SI-STAT, July 2007, Statistical Office of the Republic of Slovenia

Show data
1994 1995 1996 1997 1998 1999 2000 2001 2002 2003
estimated damage mio SIT 14750 15185 11350 17011 40815 9754 26845 17585 4704 36937
estimated damage % GDP 0.8 0.6 0.4 0.5 1.2 0.3 0.6 0.4 0.1 0.6
flood % GDP 0.3 0.1 0 0 0.6 0 0.1 0 0 0
drought % GDP 0.1 0 0 0.1 0 0 0.4 0.2 0 0.5
other causes % GDP 0.5 0.5 0.4 0.4 0.6 0.2 0.1 0.2 0.1 0.1
2004 2005
estimated damage mio SIT 17985 18797
estimated damage % GDP 0.3 0.3
flood % GDP 0 0
drought % GDP 0 0
other causes % GDP 0.2 0.3


-To reduce the risk of floods
-To improve the availability of water quantities intended for use and to improve water status and the associated ecosystems to minimise the impact of hydrological droughts.

Since natural disasters are unpredictable, the scope of damage varies from year to year. The most frequent natural disasters are earthquakes, thunderstorms, and fires. According to some findings, climate change that can be attributed to human activity is one of the reasons for more intense extreme weather conditions and the damage that this causes. According to the data of the Statistical Office of the Republic of Slovenia, a major scope of damage after elementary (i.e. natural and other) disasters was caused by extreme weather conditions.
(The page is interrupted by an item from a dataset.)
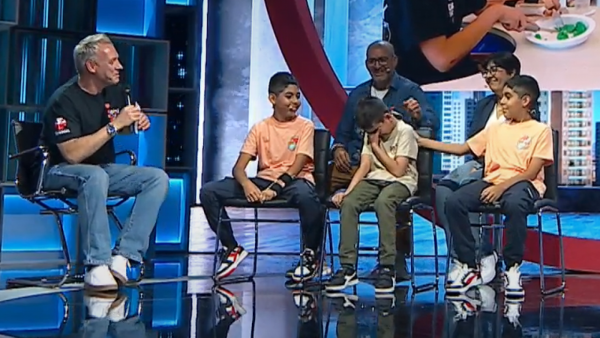 Martín Cárcamo con gemelos Silva Teletón.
From 1994 to 2005, 70% of all damage can be attributed droughts, floods, hail and strong winds. The scope of damage varies between the years; on average, however, it equalled at least 0.55% of annual gross domestic product during the mentioned period. According to the estimate of the Administration for Civil Protection and Disaster Relief, which also monitors direct costs related to damage caused by natural disasters, this share is considerably higher, and amounts to 2% of the GDP.
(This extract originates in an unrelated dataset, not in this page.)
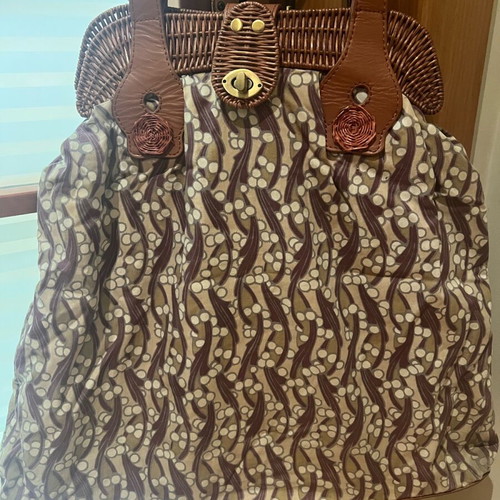 Hoss fabric printed bag like new with bamboo details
In 2005, the highest damage was caused by hail and thunderstorms, namely, 74,77 thousand EUR (SIT 10,441 million), and 42,3 thousand EUR (SIT 5,907 million), respectively. The largest damage was recorded in the Spodnjeposavska and Savinjska regions. Worst-hit were the agricultural sector and forestry. However, in the 1994-2004 period, the greatest damage was caused by droughts (24.2%) and floods (18.2%).

In 2003, a systemic law was adopted for repairing the damage caused by natural disasters - the Removal of Consequences of Natural Disasters Act. In light of the adopted law and other regulations, it is possible to predict a gradual decrease in expenditure. Special emphasis shall be given to the drawing up of maps of areas potentially endangered by natural disasters (earthquakes, floods, droughts, and landslides). The aim of their use will be the protection from direct or indirect threats of natural disasters and the provision of measures required to prevent and mitigate the consequences thereof. The maps will also serve the purposes of spatial planning and protection from impending threats. The steps thus taken will contribute to the reduction both in the scope of damage and the amount of expenditures arising from natural disasters.

Data published in the SI-STAT database, available on the Statistical Office of the Republic of Slovenia's website, was used.

Data on the estimation of damage made by competent commissions is presented separately, by municipality, for each natural disaster. This information is obtained from competent municipal commissions, the national commission for damage estimation or other professional services. The competent commissions assess the type of damage by cause, region, assets that were affected, and activities during which the damage occurred, and assess the value of losses. In completing the mentioned reports, municipalities observed the Regulation on Methodology to Assess Damage Caused by Natural Disasters (Official Gazette of the RS, No. 67/03). However, due to incomplete reporting and methodological problems, the data is incomplete.

To calculate the composition of the estimated damage by cause in the 1994-2005 period, the annual values were deflated by CPI.